◆ What you will do
From the top of the entries, reproduce each line exactly, stopping after the line that contains "مشاهدة التلفزيون يجعل". Omit pictures.

Source data
=== Section Start ===

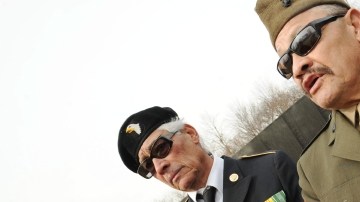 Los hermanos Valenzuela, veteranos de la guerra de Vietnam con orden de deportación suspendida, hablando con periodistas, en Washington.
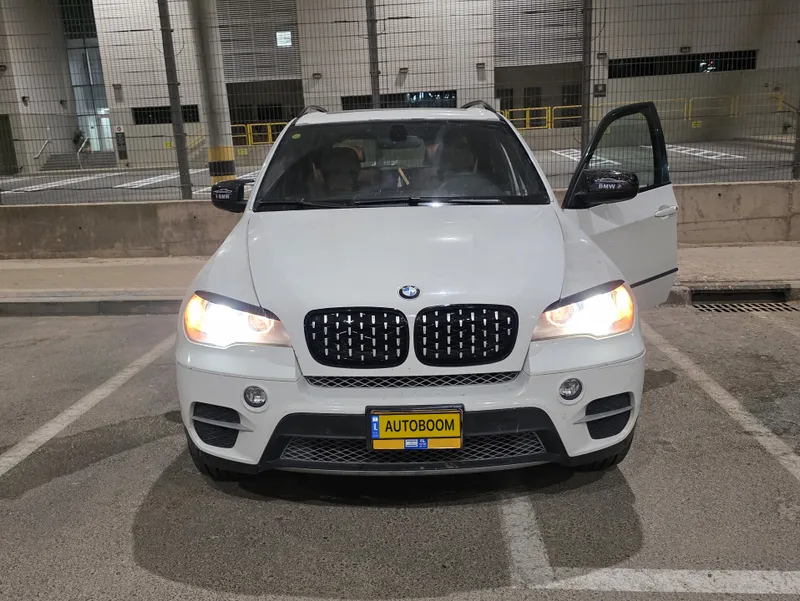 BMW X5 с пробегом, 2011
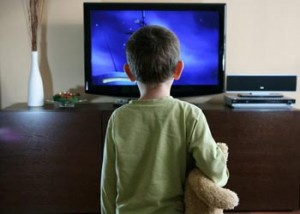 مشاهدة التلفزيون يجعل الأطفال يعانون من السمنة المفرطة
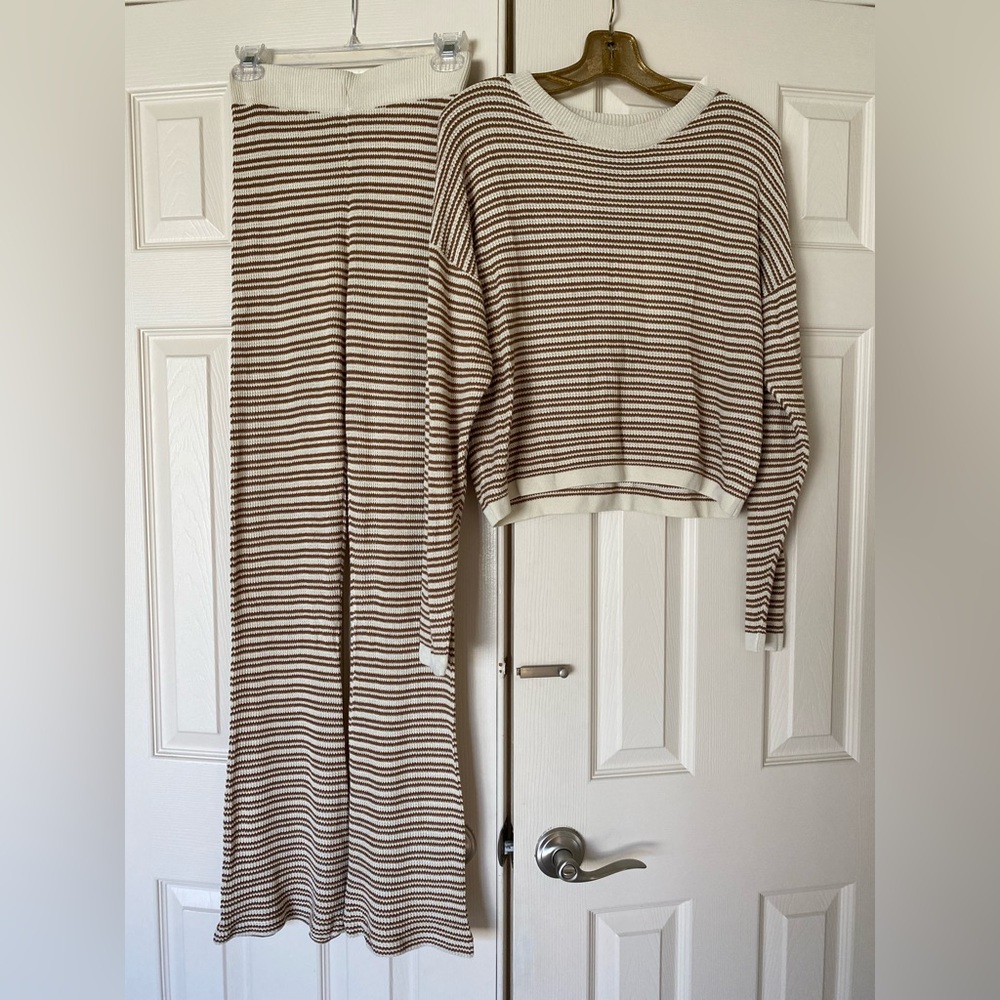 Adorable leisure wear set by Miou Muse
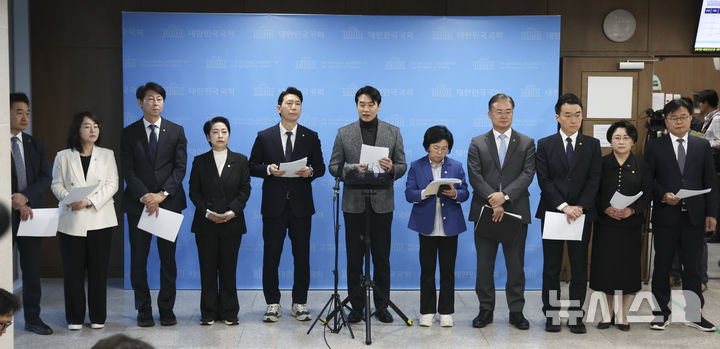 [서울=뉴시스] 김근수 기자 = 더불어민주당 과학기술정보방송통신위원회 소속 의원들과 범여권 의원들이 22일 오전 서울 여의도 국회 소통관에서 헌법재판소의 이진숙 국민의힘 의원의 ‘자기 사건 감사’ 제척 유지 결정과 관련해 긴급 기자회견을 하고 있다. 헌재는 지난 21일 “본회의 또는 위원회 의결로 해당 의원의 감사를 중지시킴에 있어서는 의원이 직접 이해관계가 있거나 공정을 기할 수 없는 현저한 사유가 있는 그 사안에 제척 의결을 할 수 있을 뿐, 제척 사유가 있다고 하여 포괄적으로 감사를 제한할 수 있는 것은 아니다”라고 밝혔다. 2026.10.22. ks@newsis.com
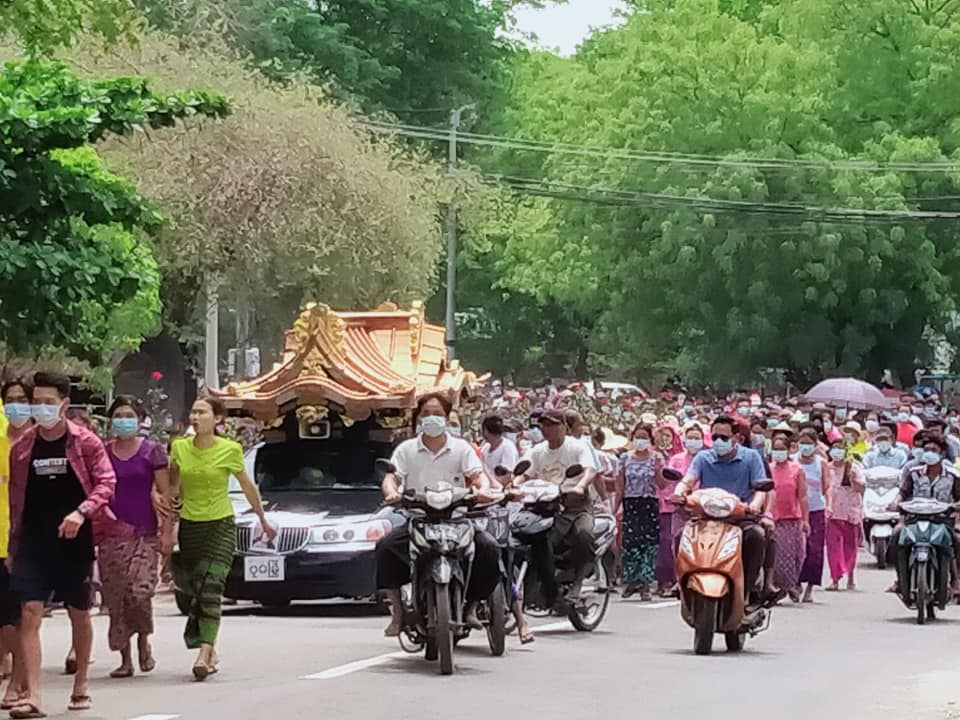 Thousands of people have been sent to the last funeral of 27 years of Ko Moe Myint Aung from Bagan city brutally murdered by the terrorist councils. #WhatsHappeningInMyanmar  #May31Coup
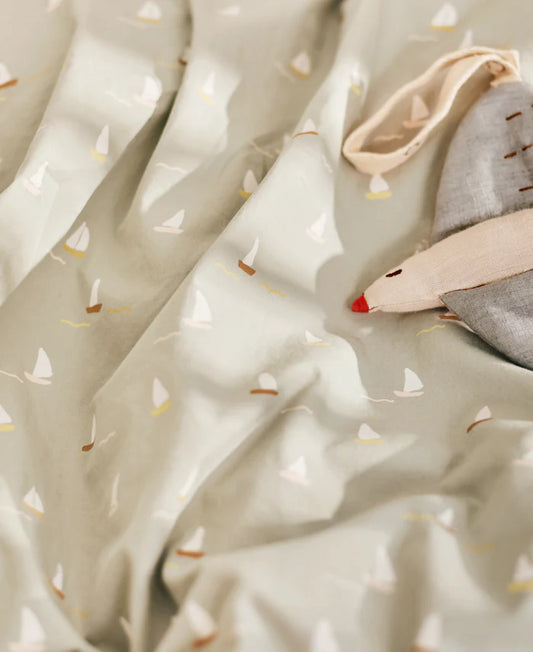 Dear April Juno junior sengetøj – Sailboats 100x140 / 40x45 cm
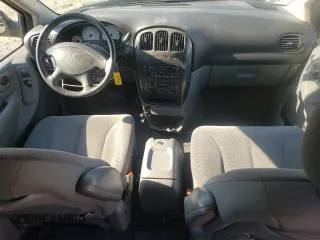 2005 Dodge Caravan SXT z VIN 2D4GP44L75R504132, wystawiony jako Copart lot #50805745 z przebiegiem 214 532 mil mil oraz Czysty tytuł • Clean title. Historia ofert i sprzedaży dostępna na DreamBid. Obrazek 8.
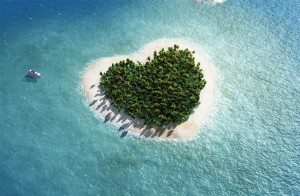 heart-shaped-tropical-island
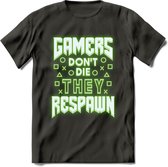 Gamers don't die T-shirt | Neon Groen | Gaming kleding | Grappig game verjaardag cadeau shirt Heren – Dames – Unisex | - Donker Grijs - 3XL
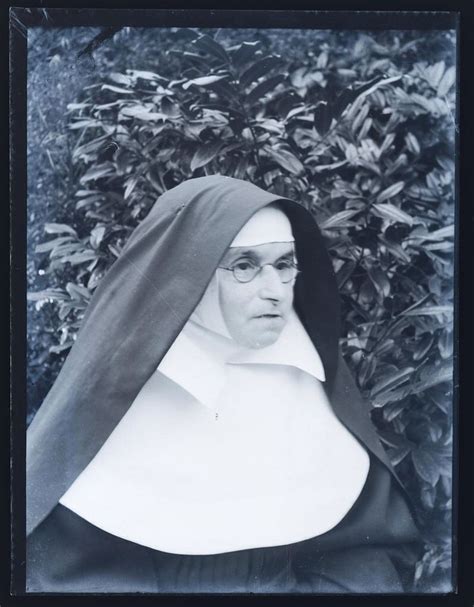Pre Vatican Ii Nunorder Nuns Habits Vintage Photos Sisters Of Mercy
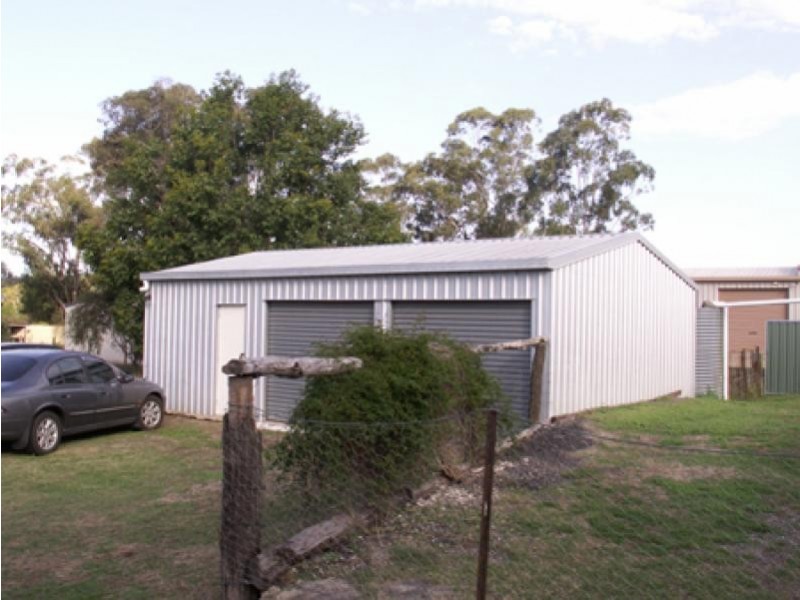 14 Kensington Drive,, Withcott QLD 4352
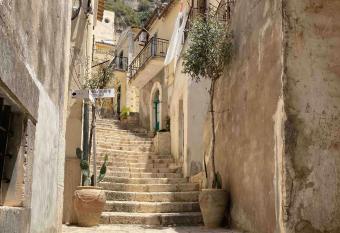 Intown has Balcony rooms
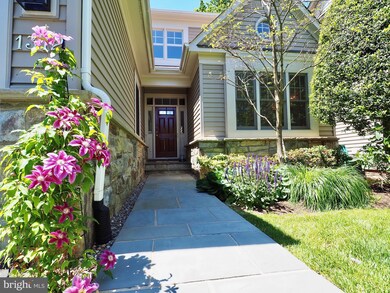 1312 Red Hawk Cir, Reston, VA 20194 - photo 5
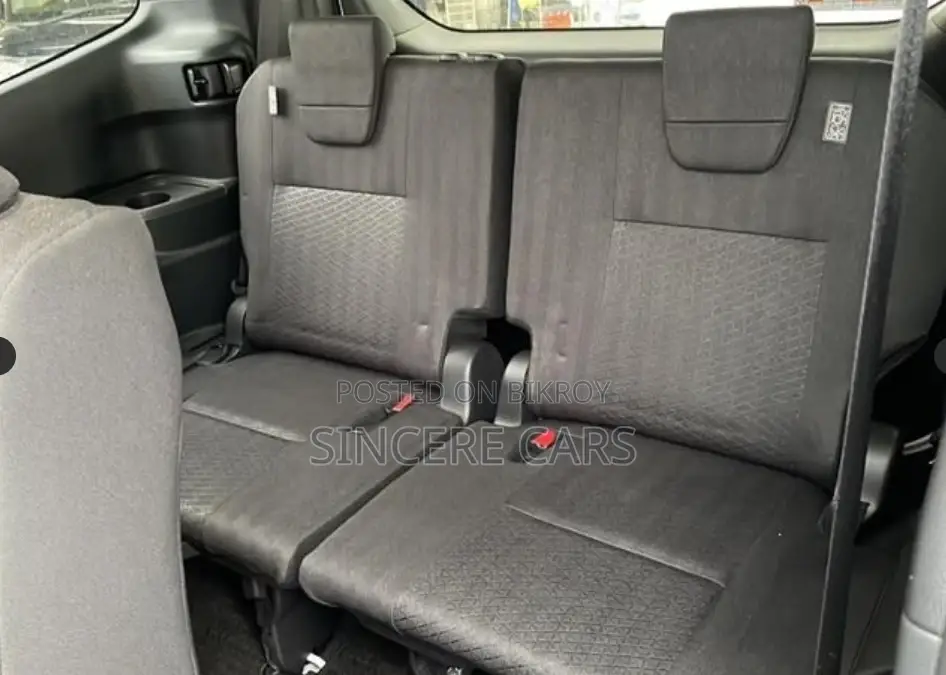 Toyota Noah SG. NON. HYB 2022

=== Section End ===

◆ Answer below
 Los hermanos Valenzuela, veteranos de la guerra de Vietnam con orden de deportación suspendida, hablando con periodistas, en Washington.
 BMW X5 с пробегом, 2011
 مشاهدة التلفزيون يجعل الأطفال يعانون من السمنة المفرطة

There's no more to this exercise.